Chronique juridique de Guillaume Dolidon, avocat au barreau de Paris, Dolidon Partners.
L’intérêt des particuliers pour le private equity et l’investissement dans l’économie réelle, mais aussi l’évolution du financement des entreprises, qui se détournent parfois des banques, sont des tendances qui marquent un phénomène croissant de désintermédiation.
En effet, une part toujours plus significative des opérations de haut de bilan est désormais structurée par les acteurs du marché privé.
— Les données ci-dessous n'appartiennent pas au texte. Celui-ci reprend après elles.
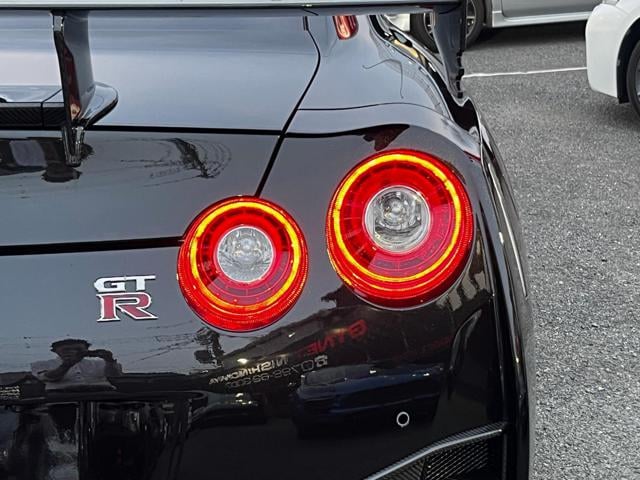 f21b56b447f9ed77f4506417957fb93d.jpg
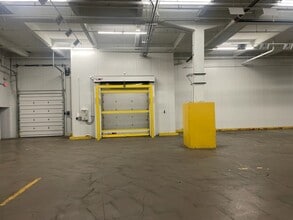 201 Webster Ave, Waco, TX à louer Photo intérieure– Image 2 sur 2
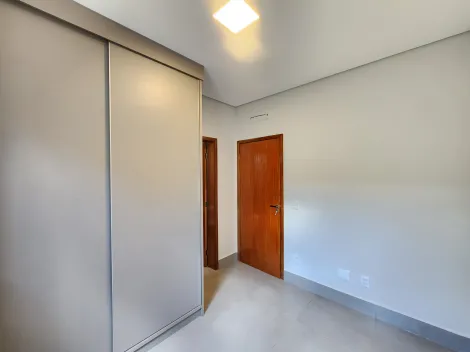 Comprar Casa / Condomínio em Ribeirão Preto R$ 1.050.000,00 - Foto 14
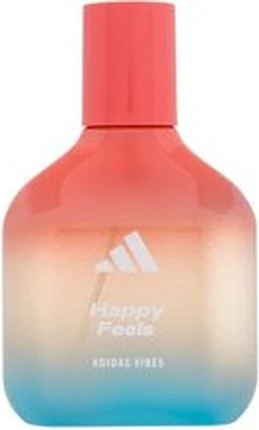 Eau De Parfum Adidas Vibes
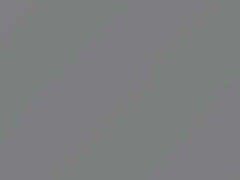 Silver Metallic touch-up paint for Nissan, code YN, 2002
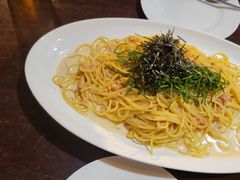 -BISTROFIORE美伊娜(伊犁南路店)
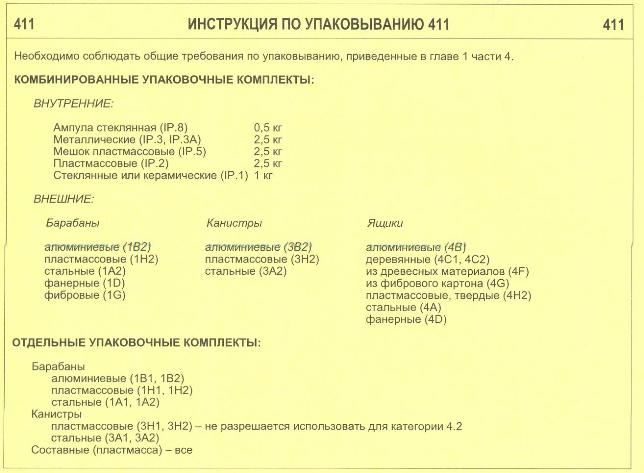 Инструкция на набор техник. Инструкция по упаковыванию опасных грузов 440. Инструкция по упаковыванию. Какие существуют основные типы упаковочных комплектов?. Инструкция по упаковыванию 200 опасные грузы.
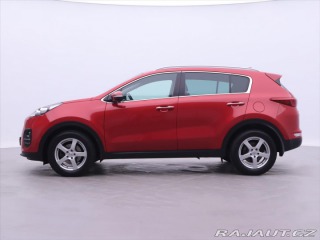 Kia Sportage 1,7 CRDI 104kw 2017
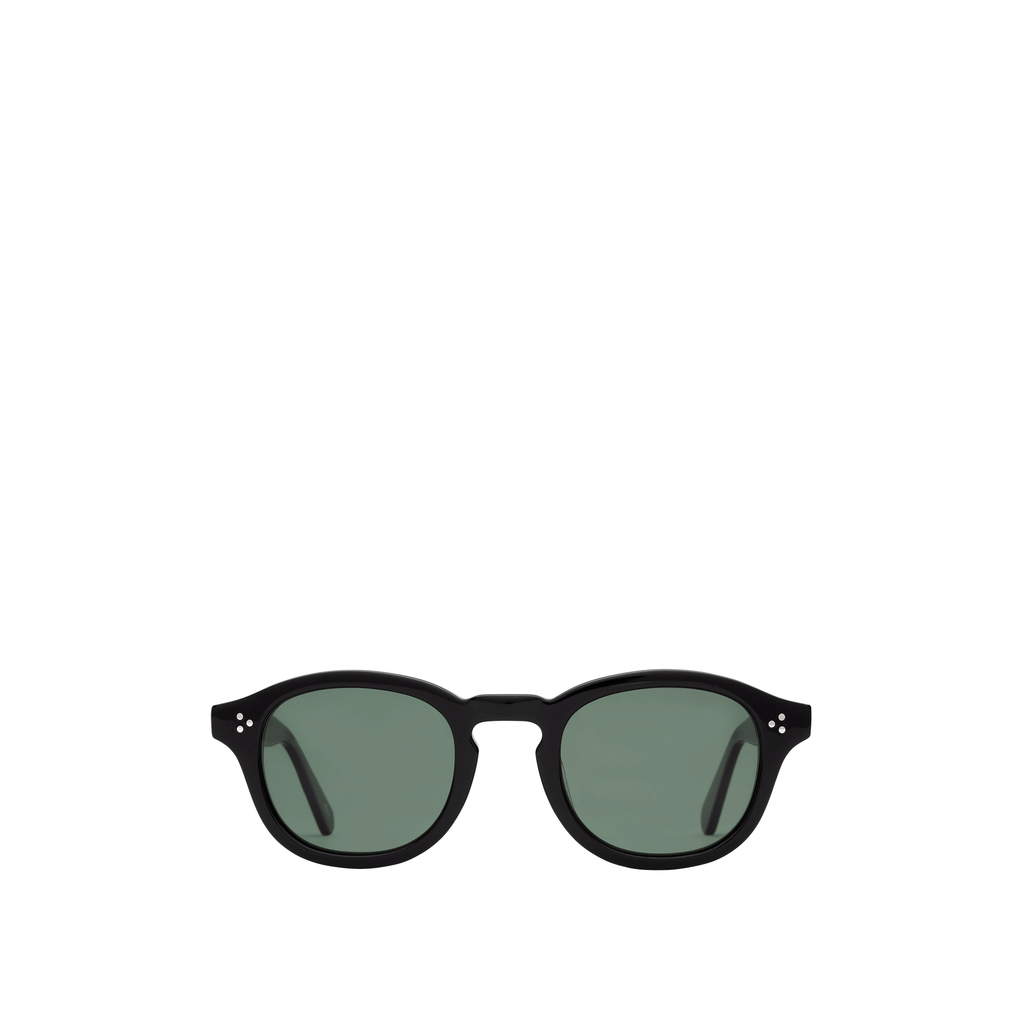 Pupukea Sunglasses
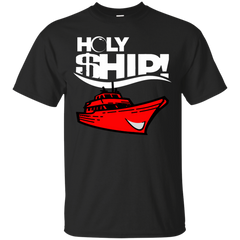 Deadpool - HOLYSHIP  POOL deadpool logo T Shirt & Hoodie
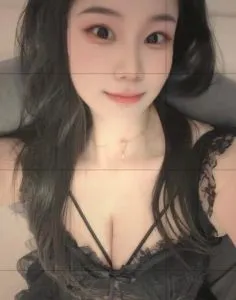浙江 - 杭州 楼凤圈口碑推荐：九堡大胸少妇 照片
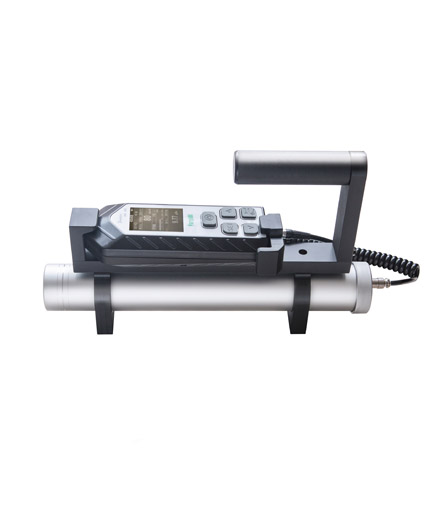 ?便攜式X 、γ輻射測(cè)量儀（RJ32-3602分體式）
Les différents professionnels qui accompagnent les investisseurs comme les porteurs de projets ou autres émetteurs dans leurs transactions (tels que les avocats, experts-comptables, CIF ou conseils en gestion de patrimoine) se retrouvent souvent à exercer de fait (et librement) des activités de conseil en haut de bilan à titre accessoire, sans pour autant être agrées comme prestataires de services d’investissement (PSI) ou autorisés à fournir des services d’investissement.
L’article L 321-2 (3°) du code monétaire et financier précise, sans les définir, que ces services qualifiés de connexes aux services d’investissement comprennent « La fourniture de conseil aux entreprises en matière de structure de capital, de stratégie industrielle et de questions connexes ainsi que la fourniture de conseil et de services en matière de fusions et de rachat d'entreprises ».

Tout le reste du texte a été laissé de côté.